Pomysły
Moderatorzy: kuba11100, The Viking, Moderatorzy
- Kpt.Glowica
- Użytkownik Forum
- Posty: 4
- Rejestracja: 11 wrz 2013, 16:46
w tej wersji niepotrzebnie została zmieniona opcja informowania o głodnych oddziałach, często gracze nie zauważają lub ignorują ikonkę informacji . a tak to gdyby była oddzielna ikonka o głodzie ludzie wiedzieli by o co chodzi od razu
a co do szkolenia można by było dodać jeszcze +6 miejsc kolejki w szkole
Scalam posty, następnym razem użyj opcji "edytuj"
>kuba11100
a co do szkolenia można by było dodać jeszcze +6 miejsc kolejki w szkole
Scalam posty, następnym razem użyj opcji "edytuj"
>kuba11100
-
- Administrator Forum
- Posty: 775
- Rejestracja: 29 maja 2012, 20:26
- Lokalizacja: Gdańsk
Tak sobie dzisiaj myślałem jak właśnie możnaby usprawnić i urealnić rozgrywkę, i doszedłem do wniosku że jest bardzo proste wyjście, choć mocno zmieniające dotychczasowe pojęcie manewrów taktycznych w tej grze. Mianowicie, proponuję usunąć stan związania walką, czyli utratę kontroli nad jednostką pzy zetknięciu się z jednostką. Dałoby to setki nowych możliwości walki i umożliwiłoby nadanie szansy na uratowanie chociażby części swoich oddziałów po przegranej bitwie.
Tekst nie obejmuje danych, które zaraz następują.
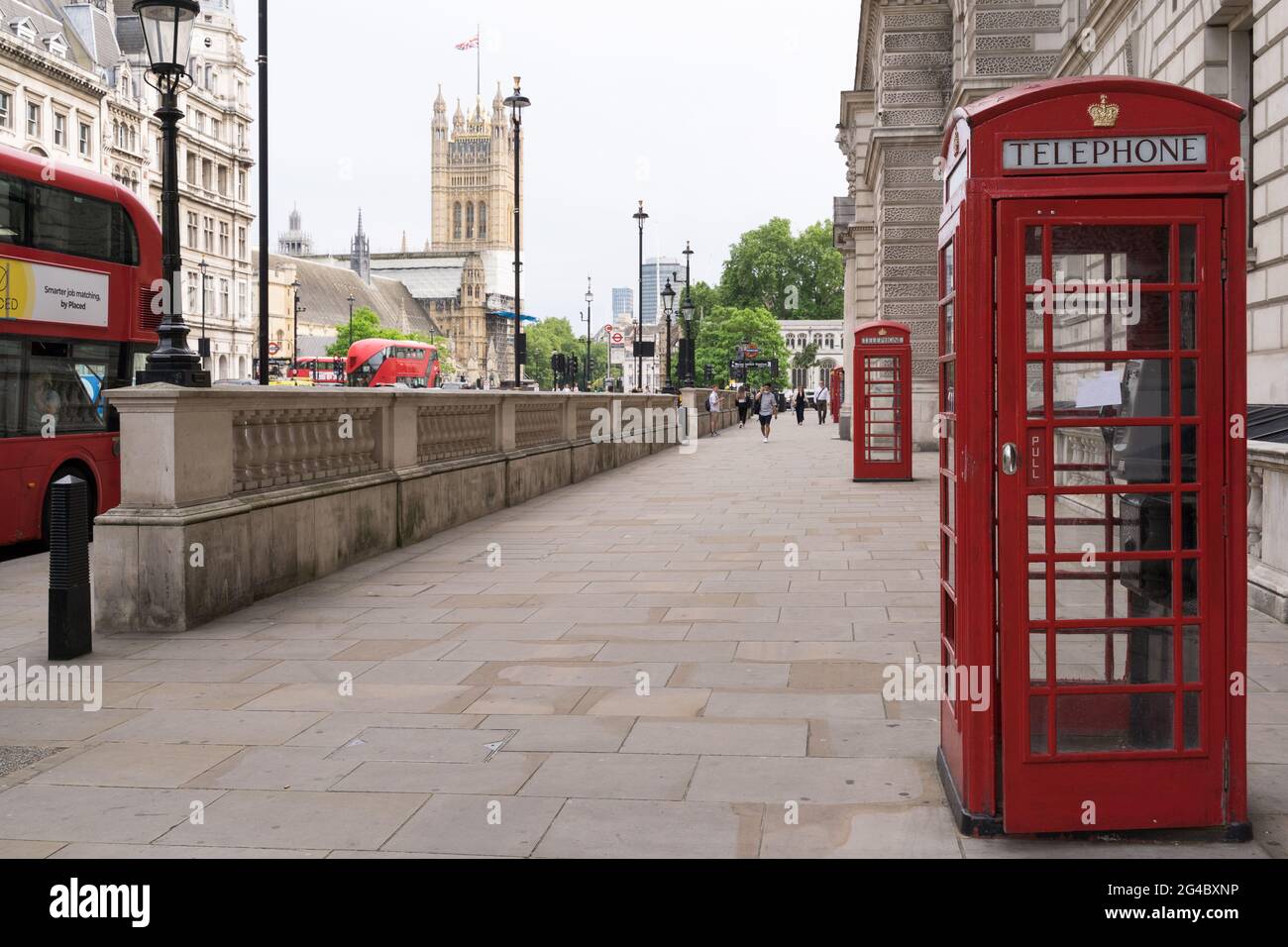 red telephone boot box on Whitehall, with house of Parliament in the background, union flag , England, UK Stock Photo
Dla lepszego pgarnięcia mojego pomysłu zamieszczam poniżej przewidywaną listę zmian zależnych od tej improwizacji:
-Walka stałaby się mniej oczywista i przewidywalna;
-Robienie skomplikowanych operacji i manewrów również stałoby się możliwe;
-Zasadzki i szybkie natarcia z zaskoczenia dawałoby się przeprowadzać w kilkukrotnie skróconym czasie;
-Konnica uzyskałaby swoją realną wartość czyli mobilność (tak, wiem że niektórym może się to wydawać zachwianiem balansu i zmianą mechaniki oraz taktyk, jednak dzisiejszy balans nie jest idealny. Mało kto uważa konie za użyteczne z uwagi na swój wysoki koszt, ale nie należy zapominać że w średniowieczu to właśnie konnica była podstawą każdej armii i jej największą siłą. Według mnie balans by się zdecydowanie polepszył).
-Możliwość odwrotu i ratowania swoich oddziałów. Jednostki uciekające traciłyby jednak na czas wycofywania się większość swoich punktów obrony (co chyba już i w dzisiejszych wersjach funkcjonuje, bo uderzenie w plecy jest bardziej zabójcze). Tak czy inaczej,
uciekający miałby szanse na przetrwanie dłuższego czasu, i przykładowo, jego los mógłby się odmienić dzięki ratunkowi sojuszników. A to tylko jeden przykład).
Poza podamymi powyżej punktami możnaby znaleźć ich jeszcze wiele, ale to są te najistotniejsze. Wobec tego, zachęcam do przedyskutowania tego pomysłu ze mną.
-Walka stałaby się mniej oczywista i przewidywalna;
-Robienie skomplikowanych operacji i manewrów również stałoby się możliwe;
-Zasadzki i szybkie natarcia z zaskoczenia dawałoby się przeprowadzać w kilkukrotnie skróconym czasie;
-Konnica uzyskałaby swoją realną wartość czyli mobilność (tak, wiem że niektórym może się to wydawać zachwianiem balansu i zmianą mechaniki oraz taktyk, jednak dzisiejszy balans nie jest idealny. Mało kto uważa konie za użyteczne z uwagi na swój wysoki koszt, ale nie należy zapominać że w średniowieczu to właśnie konnica była podstawą każdej armii i jej największą siłą. Według mnie balans by się zdecydowanie polepszył).
-Możliwość odwrotu i ratowania swoich oddziałów. Jednostki uciekające traciłyby jednak na czas wycofywania się większość swoich punktów obrony (co chyba już i w dzisiejszych wersjach funkcjonuje, bo uderzenie w plecy jest bardziej zabójcze). Tak czy inaczej,
uciekający miałby szanse na przetrwanie dłuższego czasu, i przykładowo, jego los mógłby się odmienić dzięki ratunkowi sojuszników. A to tylko jeden przykład).
Poza podamymi powyżej punktami możnaby znaleźć ich jeszcze wiele, ale to są te najistotniejsze. Wobec tego, zachęcam do przedyskutowania tego pomysłu ze mną.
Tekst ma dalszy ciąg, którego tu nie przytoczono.